**DATA SUPPLIED:**
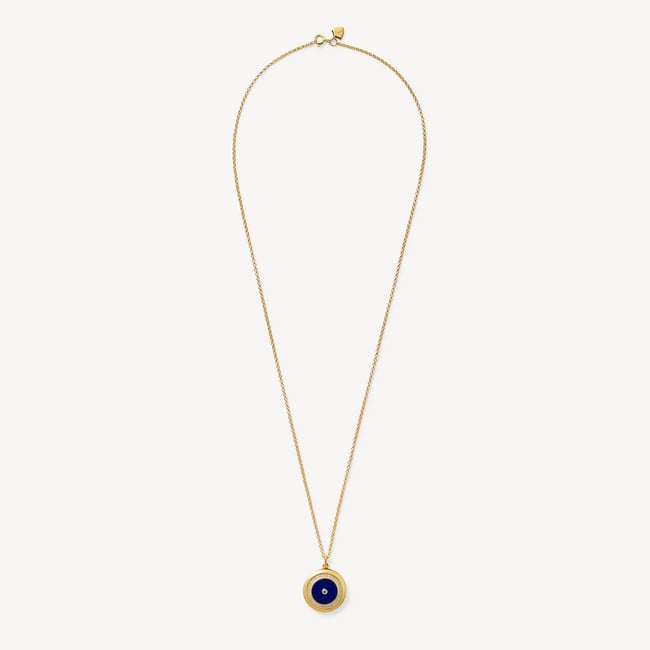 Round Locket Necklace Lapis Lazuli, White Topaz & 18ct Gold Vermeil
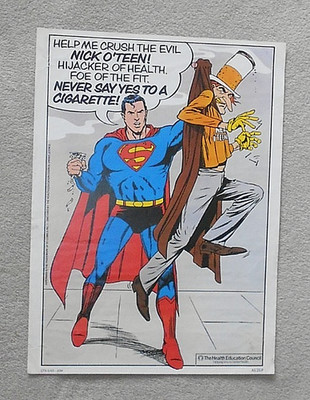 SUPERMAN vs NICK O'TEEN. ORIGINAL 1980 POSTER. 42 x 30 cms. HEALTH EDUCATION COU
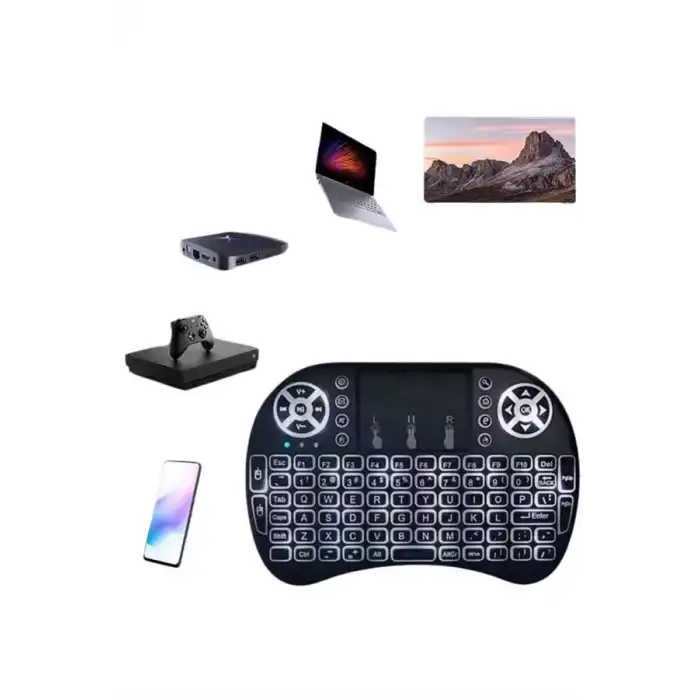 Mini Klavye Gaming Pc Playstation Ledli Mouse Rgb Mouse Bluetooth Usb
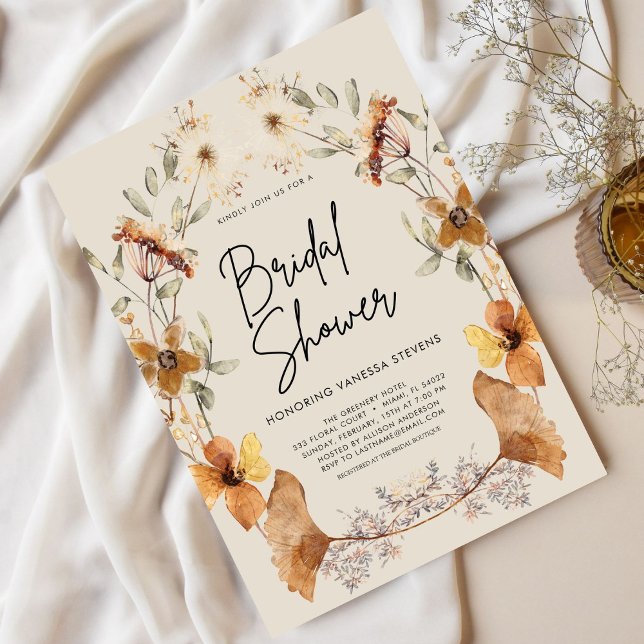 Elegant Boho Floral Wildflower Bridal Shower  Invitation (Creator Uploaded)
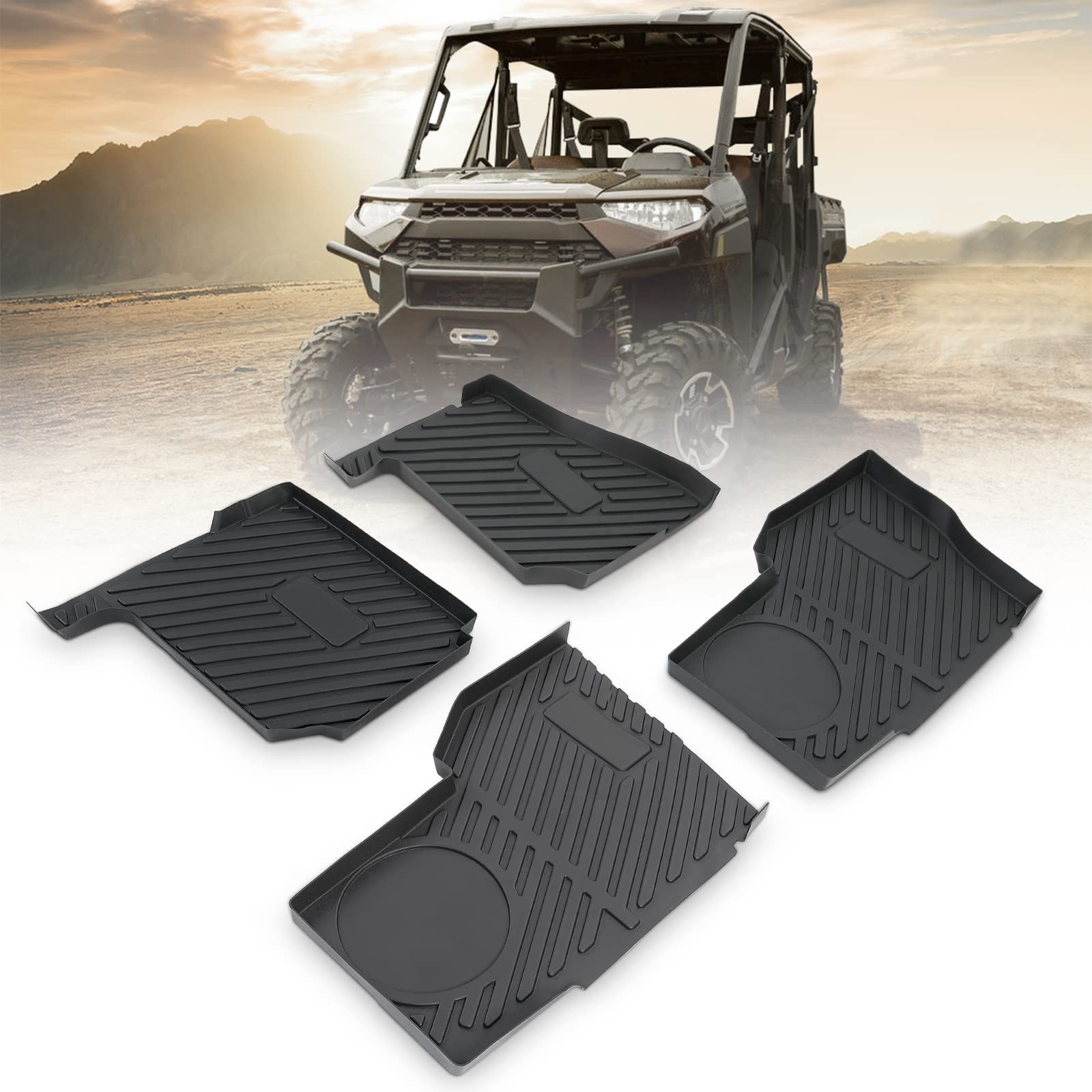 Kemimoto Floor Mats Polaris Ranger Crew XP 1000 (2019-2024) 4 Pcs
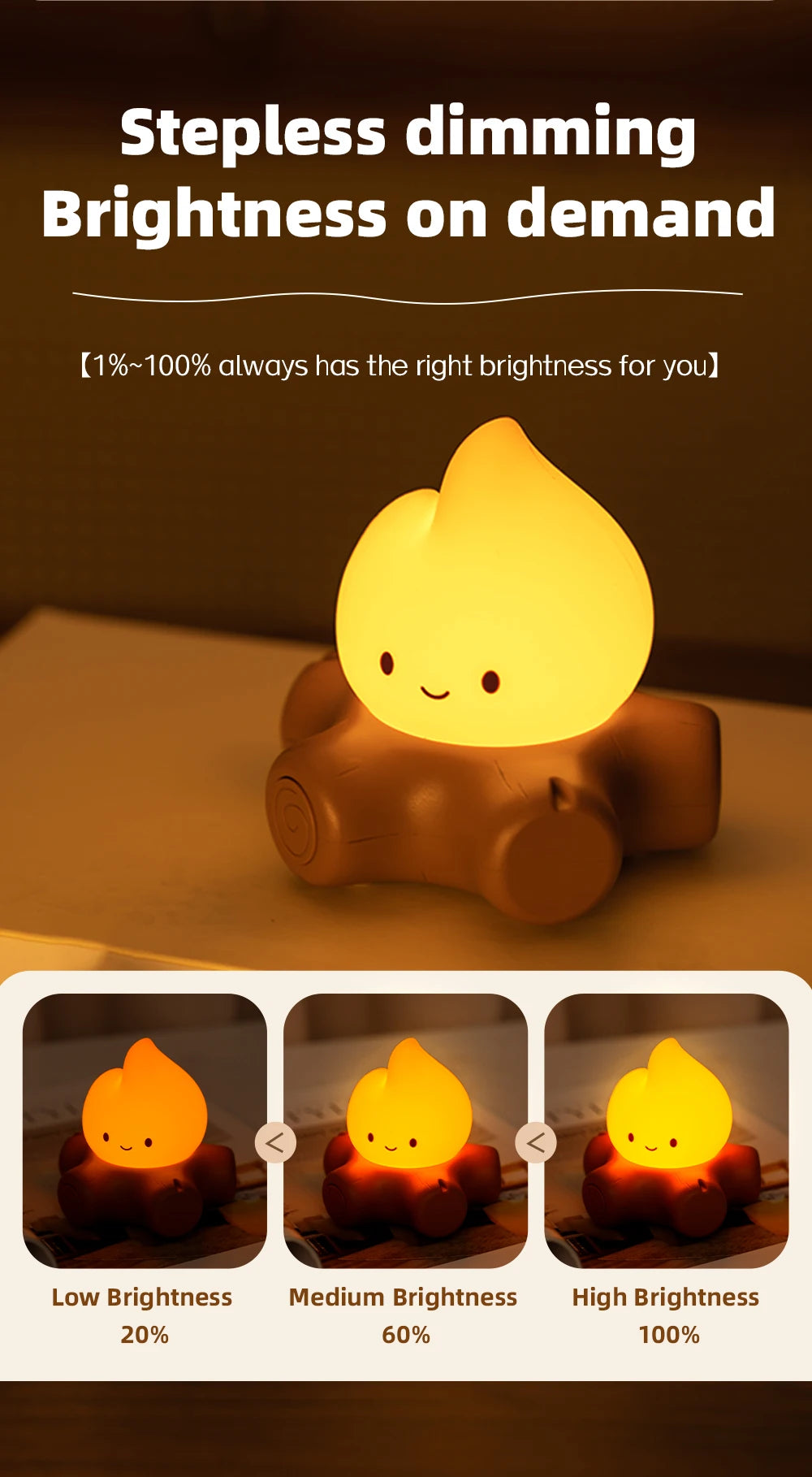 Campfire Night Light with White Noise – Cozy LED Atmosphere Lamp for Kids & Bedroom Decor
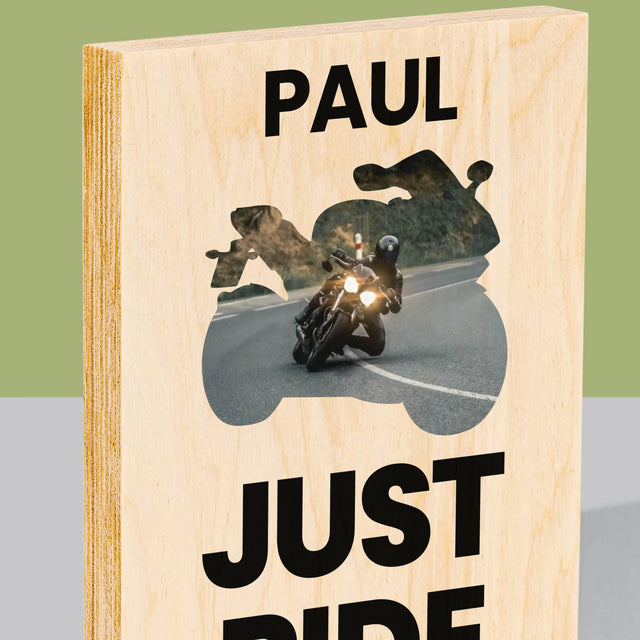 Kształt Ze Zdjęć: Just Ride - Wydruk Na Drewnie | DE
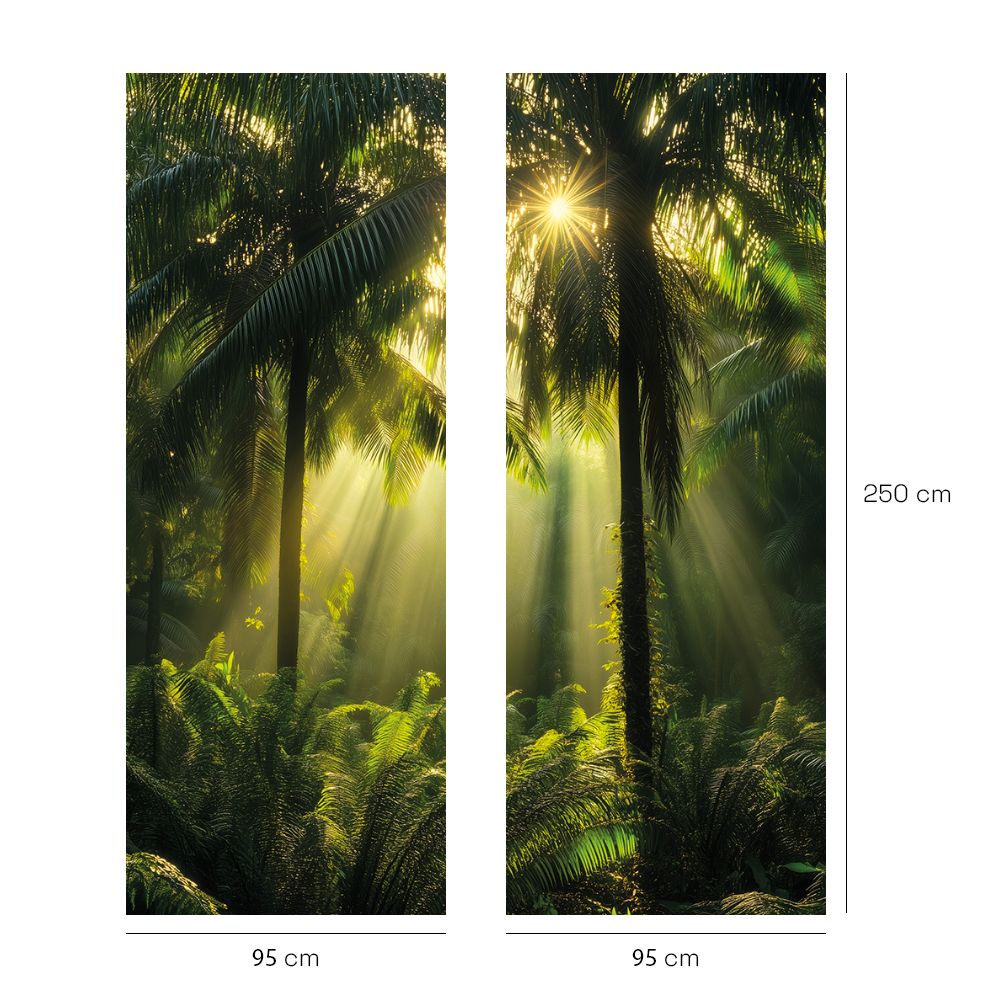 Papier peint "Scène tropicale luxuriante"
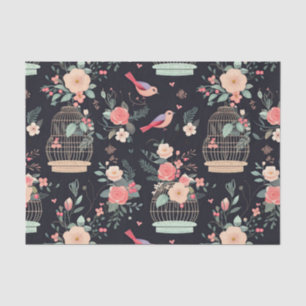 Timeless Midnight Birdcage Antique Decoupage  Tissue Paper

**WHAT YOU NEED TO DO:**
Whenever images occur above, omit them and retype each line exactly as it stands.

**FINISHED EXERCISE:**
 Round Locket Necklace Lapis Lazuli, White Topaz & 18ct Gold Vermeil
 SUPERMAN vs NICK O'TEEN. ORIGINAL 1980 POSTER. 42 x 30 cms. HEALTH EDUCATION COU
 Mini Klavye Gaming Pc Playstation Ledli Mouse Rgb Mouse Bluetooth Usb
 Elegant Boho Floral Wildflower Bridal Shower  Invitation (Creator Uploaded)
 Kemimoto Floor Mats Polaris Ranger Crew XP 1000 (2019-2024) 4 Pcs
 Campfire Night Light with White Noise – Cozy LED Atmosphere Lamp for Kids & Bedroom Decor
 Kształt Ze Zdjęć: Just Ride - Wydruk Na Drewnie | DE
 Papier peint "Scène tropicale luxuriante"
 Timeless Midnight Birdcage Antique Decoupage  Tissue Paper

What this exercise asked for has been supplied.